Wendy Davis
Preserving history while making it
Graham Jaehnig/Daily Mining Gazette Wendy Davis at her last meeting of the Keweenaw National Historical Park Advisory Commission in Calumet in January.
CALUMET — On Tuesday, Jan. 13, 2026, Keweenaw National Historical Park Superintendent Wyndeth (Wendy) Davis gave her last park update to the Keweenaw National Historical Park Advisory Commission. Davis, who has been the KNHP superintendent for the past 10 years, announced her retirement effective sometime between the end of February and the middle of March. She is the first female to fill that role since the park was established in 1992.

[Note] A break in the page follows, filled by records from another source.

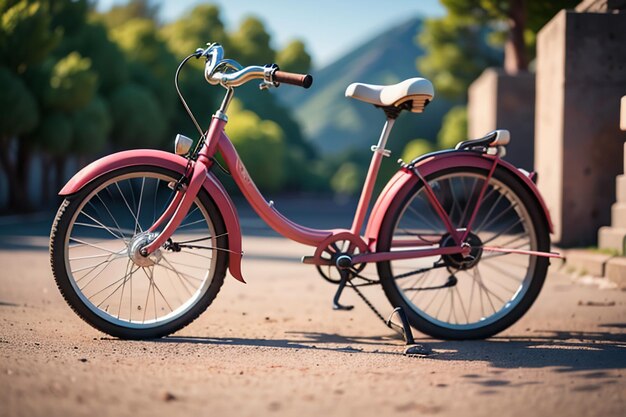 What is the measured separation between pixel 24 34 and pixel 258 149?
50.7 ft

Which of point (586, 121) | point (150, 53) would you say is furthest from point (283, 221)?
point (150, 53)

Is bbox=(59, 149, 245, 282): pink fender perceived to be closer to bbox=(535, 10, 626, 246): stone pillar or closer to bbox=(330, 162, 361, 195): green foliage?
bbox=(535, 10, 626, 246): stone pillar

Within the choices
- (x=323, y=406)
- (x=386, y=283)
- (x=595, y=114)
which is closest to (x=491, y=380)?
(x=323, y=406)

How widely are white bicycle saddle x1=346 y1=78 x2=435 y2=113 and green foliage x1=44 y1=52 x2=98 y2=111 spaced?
13.1m

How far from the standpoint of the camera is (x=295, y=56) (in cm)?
4638

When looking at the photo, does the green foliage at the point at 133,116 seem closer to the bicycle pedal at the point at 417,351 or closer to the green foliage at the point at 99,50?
the green foliage at the point at 99,50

Davis said she began her career with the National Park Service (NPS) in 1989 as an archaeologist in the Alaska region.
“I’ve been with the NPS since the 1900s,” she said with a laugh.
In the winters she was in the regional office in Anchorage, and during the summers she visited any and all of the 15 national parks in Alaska, wherever an archaeologist was needed. While in Alaska, Davis shifted from archaeology to to education. “Really, I found what I was doing was explaining how archaeologists get from a little handful of artifacts to a big story,” she said, “and that’s something archaeologists don’t really interpret well. So, suddenly I was an interpreter in education.”
The shift led to Davis becoming involved in distance learning and the development of the NPS website.
“It was cool to be in the beginning of it,” she said. “It’s hard to imagine a world without websites now.”
The website and the distance-learning work permitted Davis to transfer to the NPS office in Washington to work with parks all over the country on their education programs and the distance learning. She then became the education coordinator for the NPS, working with parks and rangers all over the country to assist them in developing education programs.
“Laura Bush, during her term as first lady, really wanted to help with the Junior Ranger Program. So, I got to lead a team of rangers from parks all over the place to really create a national identity for the Junior Ranger program and to give it that logo with the hat and the green. ‘Explore, learn, protect’came out of that team.”
Davis said that was one of the best things she could have been involved in.
“For that work, and with other projects,” she said, “I was given the Sequoia Award.”
The Sequoia Award recognizes individuals who have made an extraordinary commitment to the National Parks Conservation Association (NPCA) and its work in the areas of philanthropy, volunteer service, programmatic or policy impact.
Davis said the award was not only for her work with the Junior Ranger program, but everything that led up to it.
“I left that position to be the interpretive planning lead at the Design Center for the Park Service at Harpers Ferry (VA).
Davis, the National Park Service announced in July, 2016, was the associate manager Interpretive Planning at the NPS Harpers Ferry Design Center, West Virginia when she was selected to lead
The Keweenaw National Historical Park commemorates the heritage of copper mining on the Keweenaw Peninsula. Working with numerous cooperating sites from Ontonagon to Copper Harbor, the park tells the stories of mines, machinery and the people connected to this country’s first and richest mineral rush.
When the KNHP was established, the park’s enabling legislation mandated that the park would work with a wide variety of agencies, organizations and individuals to protect and interpret the natural and cultural resources relating to the copper mining story on the Keweenaw Peninsula.
Yesterday was Davis’ last planned day as superintendent. The end of her tenure will be celebrated with a community open house on Mar. 27 at the KNHP Visitor Center. Davis said she has no plans on leaving the area when she retires. In fact, for the past seven years, she has been studying to become a pastor while serving at the Christ Episcopal Church in Calumet. She will be ordained sometime this year.